What this task involves
Output the line containing "恶意建议,拿来吧你(82集) 恶意建议,拿来吧你(82集)短剧越看越精彩" and each line after it through the end of the data, exactly as written, with pictures left out.

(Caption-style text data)
[Start of section]
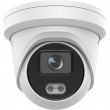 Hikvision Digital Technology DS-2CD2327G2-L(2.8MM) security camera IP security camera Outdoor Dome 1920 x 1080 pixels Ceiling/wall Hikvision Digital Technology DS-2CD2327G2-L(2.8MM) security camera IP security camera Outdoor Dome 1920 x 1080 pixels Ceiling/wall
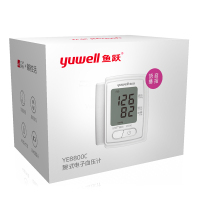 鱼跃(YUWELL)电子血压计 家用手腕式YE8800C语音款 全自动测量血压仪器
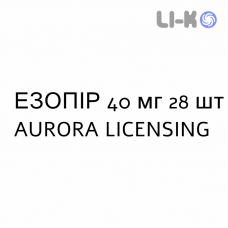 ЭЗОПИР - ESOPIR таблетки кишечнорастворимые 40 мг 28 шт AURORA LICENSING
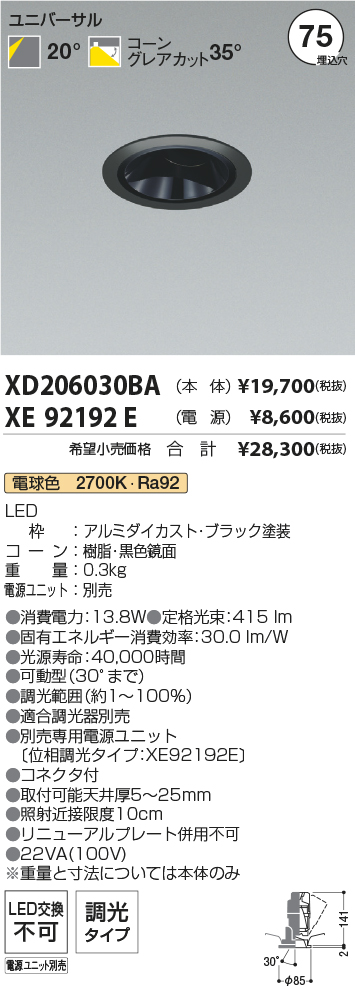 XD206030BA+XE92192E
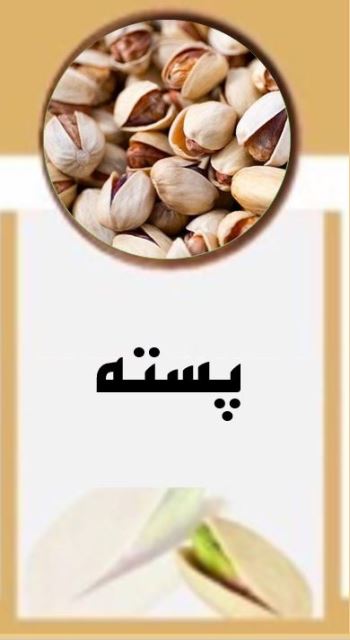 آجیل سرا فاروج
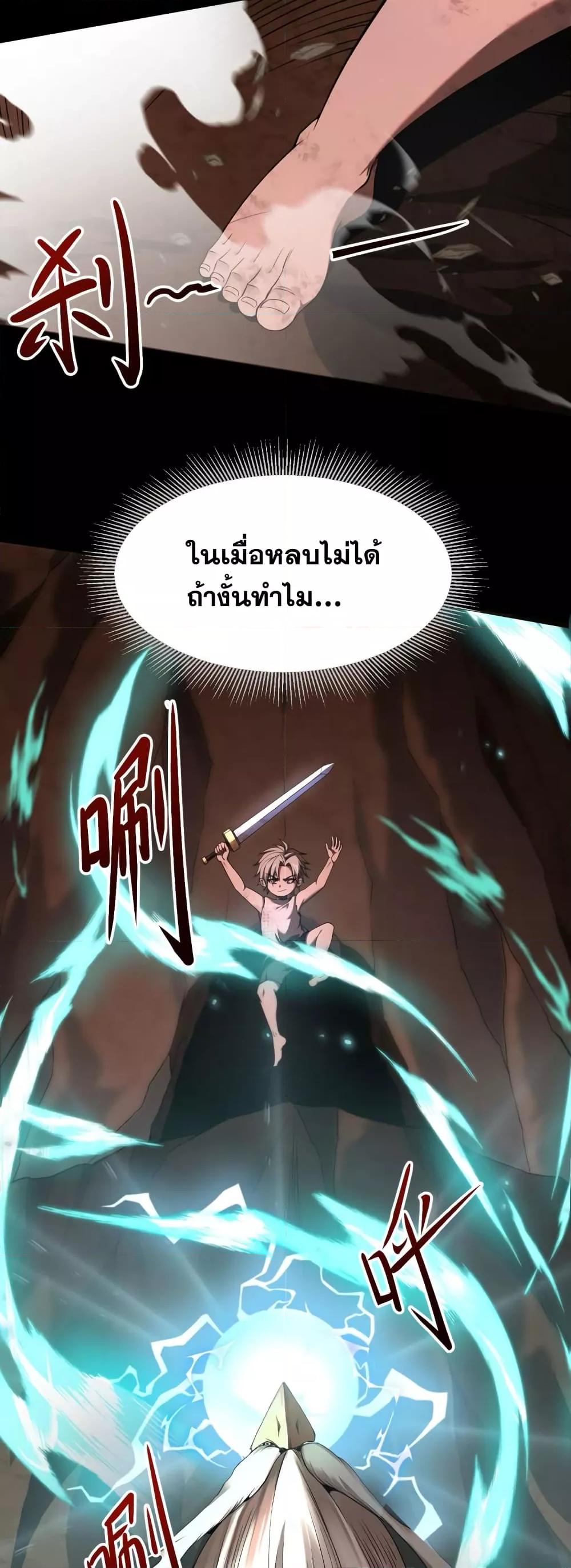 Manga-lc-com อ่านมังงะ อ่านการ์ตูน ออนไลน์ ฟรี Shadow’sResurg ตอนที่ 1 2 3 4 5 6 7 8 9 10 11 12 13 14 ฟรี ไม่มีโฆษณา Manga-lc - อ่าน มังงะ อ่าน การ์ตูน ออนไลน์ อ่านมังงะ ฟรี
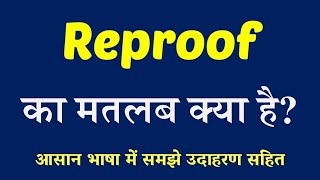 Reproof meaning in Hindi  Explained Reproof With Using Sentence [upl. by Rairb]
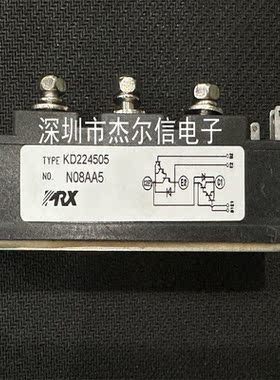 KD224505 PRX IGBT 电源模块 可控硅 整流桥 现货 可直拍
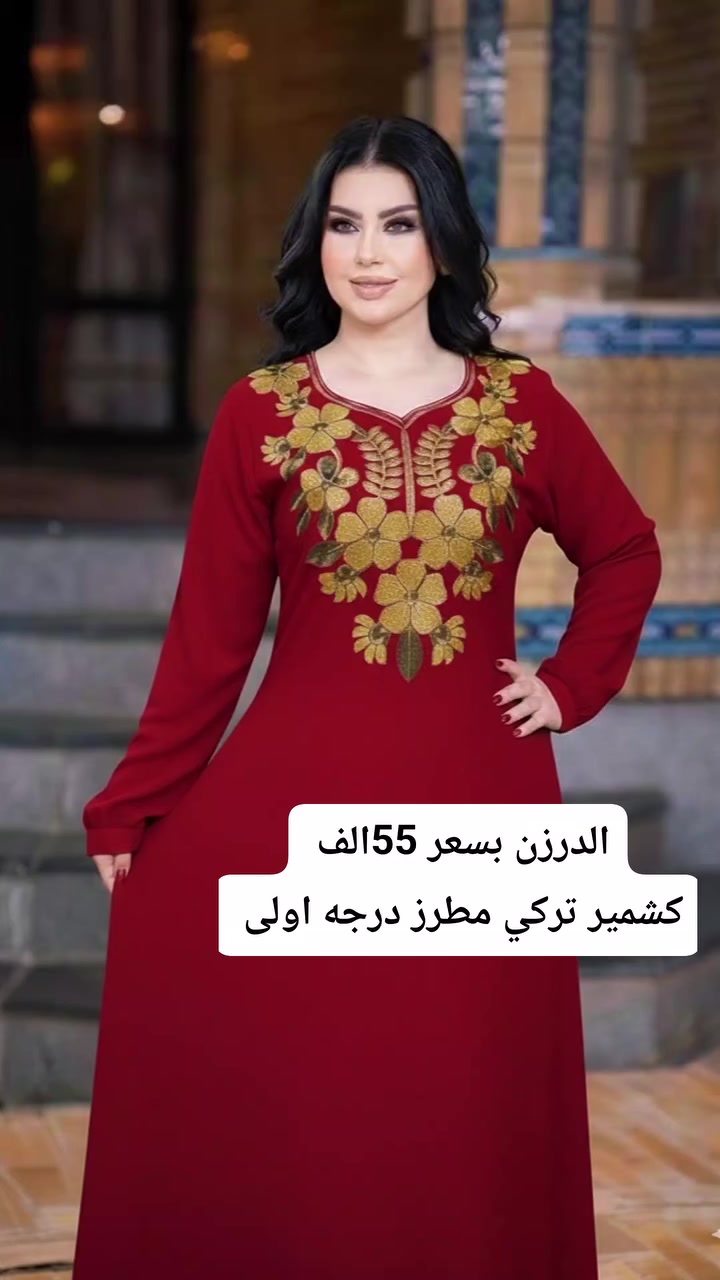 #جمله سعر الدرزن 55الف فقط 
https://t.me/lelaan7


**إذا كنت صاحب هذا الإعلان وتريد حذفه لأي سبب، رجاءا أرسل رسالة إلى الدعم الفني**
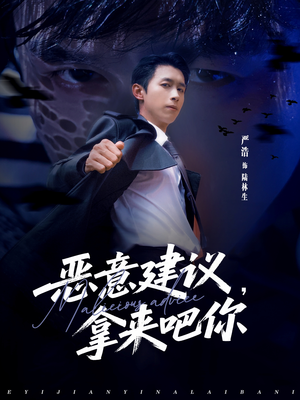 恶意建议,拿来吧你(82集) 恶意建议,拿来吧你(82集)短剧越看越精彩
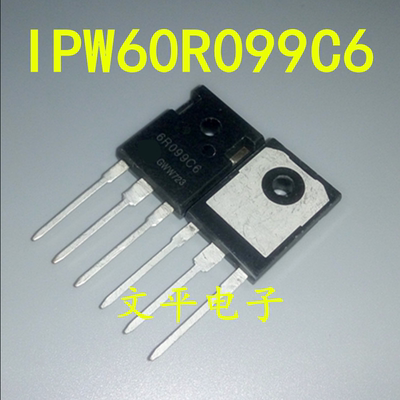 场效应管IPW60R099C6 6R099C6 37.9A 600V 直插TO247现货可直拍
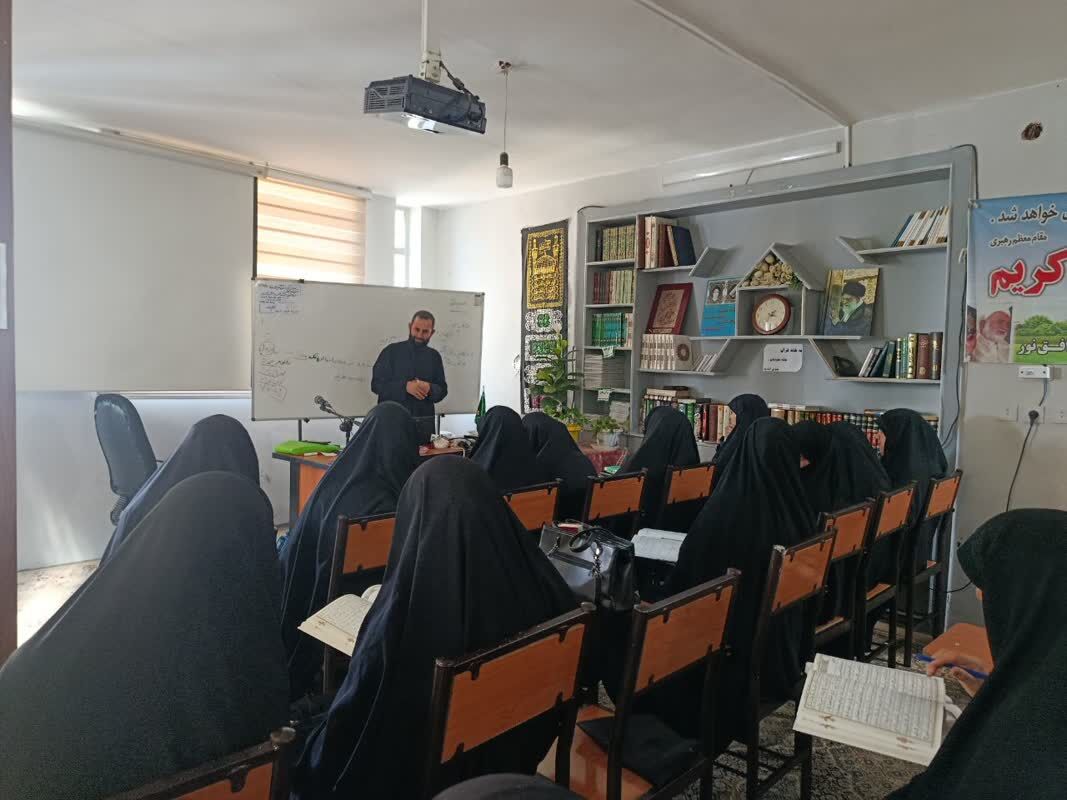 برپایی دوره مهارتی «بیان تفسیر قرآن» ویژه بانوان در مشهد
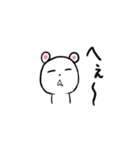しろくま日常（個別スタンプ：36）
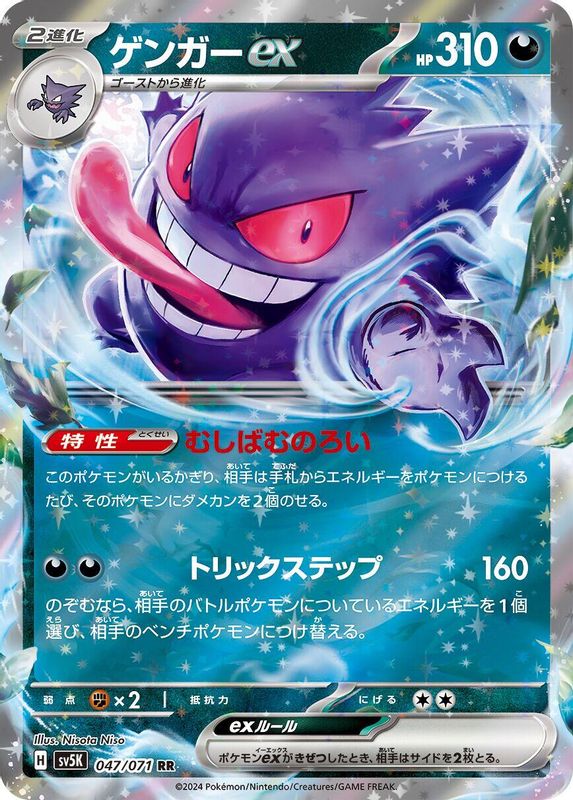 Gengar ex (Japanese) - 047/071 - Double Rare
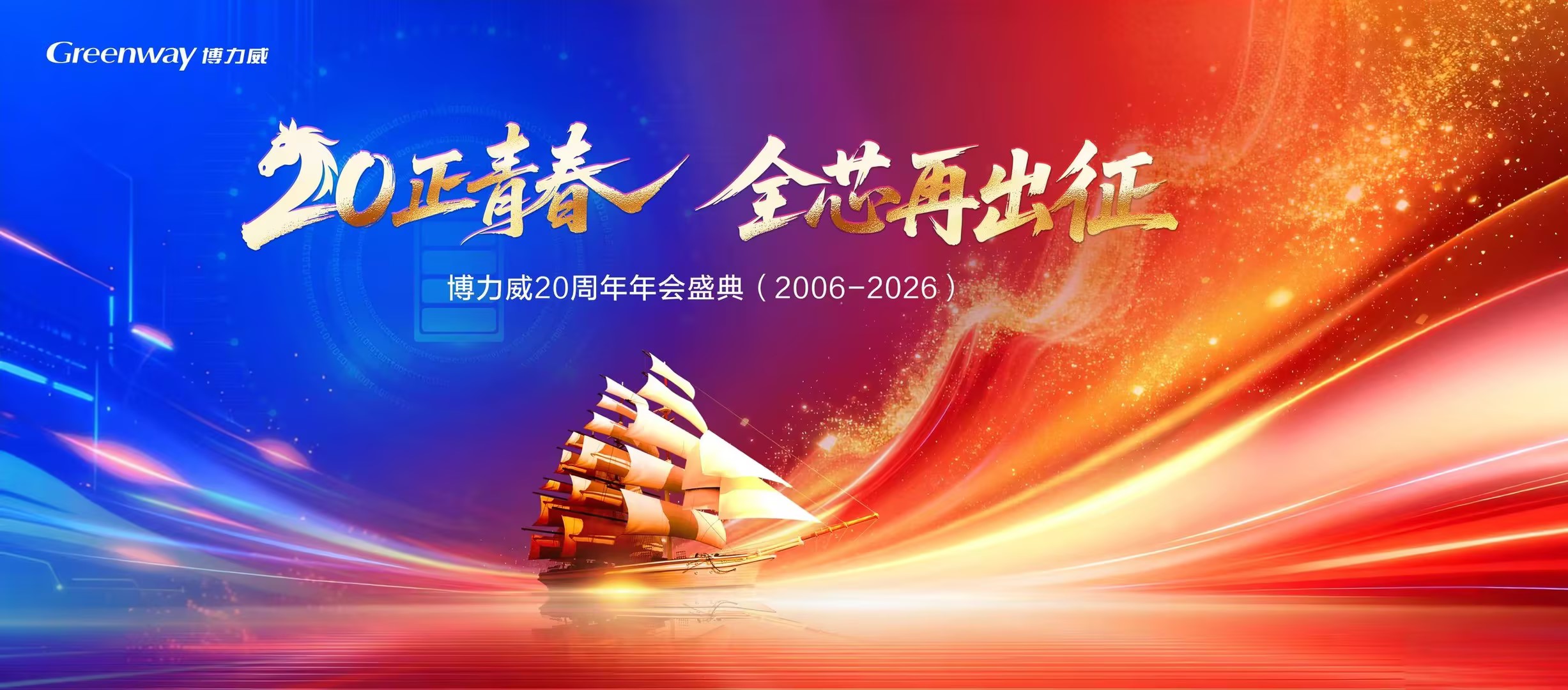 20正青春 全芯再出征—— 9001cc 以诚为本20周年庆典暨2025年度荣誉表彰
[End of section]
Reply
 恶意建议,拿来吧你(82集) 恶意建议,拿来吧你(82集)短剧越看越精彩
 场效应管IPW60R099C6 6R099C6 37.9A 600V 直插TO247现货可直拍
 برپایی دوره مهارتی «بیان تفسیر قرآن» ویژه بانوان در مشهد
しろくま日常（個別スタンプ：36）
 Gengar ex (Japanese) - 047/071 - Double Rare
 20正青春 全芯再出征—— 9001cc 以诚为本20周年庆典暨2025年度荣誉表彰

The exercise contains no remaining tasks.